Friday, September 21, 2012

There Will Be Graphs: Part Four of a Series

By: Evan D. Robertson, Project Associate.

So far this series has used social network analysis techniques to analyze a variety of different economic data sets that are decidedly not social networks. The next few parts of this series will transition to using social network analysis for its intended purpose, to examine social networks. Before delving into social networks crucial to our local economy, it seems prudent to give a brief introduction into the concepts underpinning social network analysis.

At its most basic components a social network is comprised of actors and relational ties. An actor is an individual within a social network while a relational tie is something that connects two or more actors together. While networks can become increasingly complex as you add more actors into the analysis, it is important to keep in mind the simple composition of the network, a social network merely represents connections between individuals. Or rather, it is an elaborate game of connect-the-dots. However, to handle the increasingly large nature of these data sets social scientists have added a myriad of terms and analysis techniques to simplify their investigations. We’ll go through a few of these now, but first a graph!



The preceding graph represents a fictitious social network. The network is composed of seven actors (also called vertices) with eight rational relations (also called edges). The actors are arranged in two cliques highlighted in the following way: Clique 1 indicated by blue squares and Clique 2 represented by lime green circles. A clique is a subgroup of actors who are all directly connected to one another and no additional member exists who is also connected to all members of the clique.* Think high school, with the various groups coalescing in the halls. The clique used by social network analysts and the clique that we intuitively know is nearly the same. Another important concept shown in the graph is the network bridge, displayed by the red triangle. This individual, fictitious as he or she is, plays a pivotal role within the social network.

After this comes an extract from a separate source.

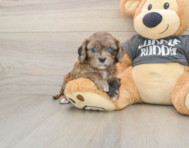 7 week old Cavapoo Puppy For Sale - Simply Southern Pups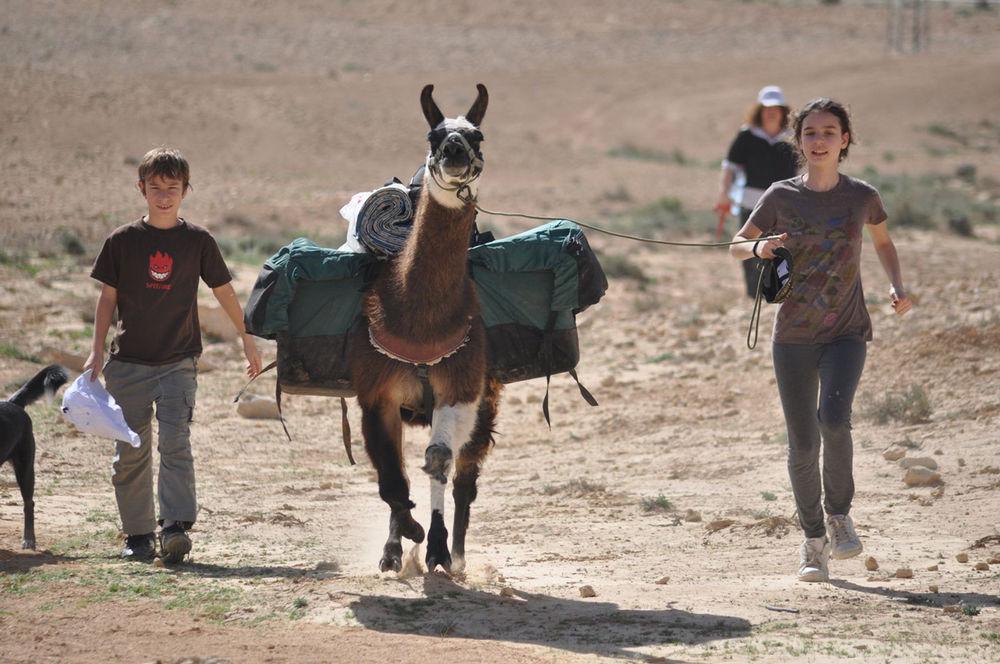 Alpaca Farm - חוות האלפקות Villa Mitzpe Ramon Luaran gambar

The network bridge plays a vital connecting role within the context of the social network. For example, let’s imagine that the above network represented a group of doctors attempting to cure a disease of a patient. The two cliques might then represent two different specialty groups that need to communicate with one another in order to diagnose an illness. The network bridge would represent the patient’s primary doctor coordinating the patient’s care by relaying information between both specialty groups. Without this connection, this network bridge, the two different specialty cliques will almost invariably (as has been my experience) come up with two different illnesses plaguing the patient. The diagnoses would almost inevitably be related to the specialist’s area of expertise. If the clique is a group of Nephrologists then something is wrong with your kidneys, if they happen to be Neurologists then it’s all in your head.

While the example network is composed of a relatively few number of actors, most social networks consist of a much larger number of people with a myriad of connections between them. For instance, Facebook had 955 million active users at the end of July 2012. Attempting to understand this social network (i.e. individuals who use Facebook) would be a complex task, especially if you were trying to develop conclusions about the Facebook community. Social network analysts have developed a few tools to describe and generalize large social networks.

Density and betweenness centrality are two measures aimed at inferring the overall structure of the social network as well as the importance of individual actors within the boarder social context. Network density measures the connectedness between all actors in a social network. The above graph has a network density of 0.38 where a value of 1.00 would indicate that every individual is connected to every other individual and a value of 0.00 would have indicate that all the actors in the social network aren’t connected to one another. Thus, the overall structure of our example network is rather divided since less than half of the networks total possible connections have been made.

Whereas density measures the overall structure of the social network, betweenness centrality measures the position of an individual actor in the network. More specifically, betweenness centrality is the degree to which an individual is able to tie various actors in the social network together. The network bridge, highlighted by the red triangle above, has a high betweenness centrality (9.00) compared to other individuals in the social network because he or she links two cliques together, thus, all actors in either clique must go through this individual first in order to communicate with members of the other clique.

No matter how large a social network can get (say one-seventh of the world’s population), the tools for analyzing a social network and the concepts behind the analysis are relatively straight forward. You have individuals (actors), you have the connection between actors (relational ties), and you have tools to measure the overall connectedness of the network (density) and an individual’s connectedness in the overall network (betweenness centrality). With this in mind, the following blogs will utilize these concepts and tools to draw conclusions regarding various social networks.

* Hawe, P., Webster, C., and Shiell, A. (2004). A Glossary of Terms for Navigating the Field of Social Network Analysis. Journal of Epidemiology and Community Health, 58 (12), 971-975.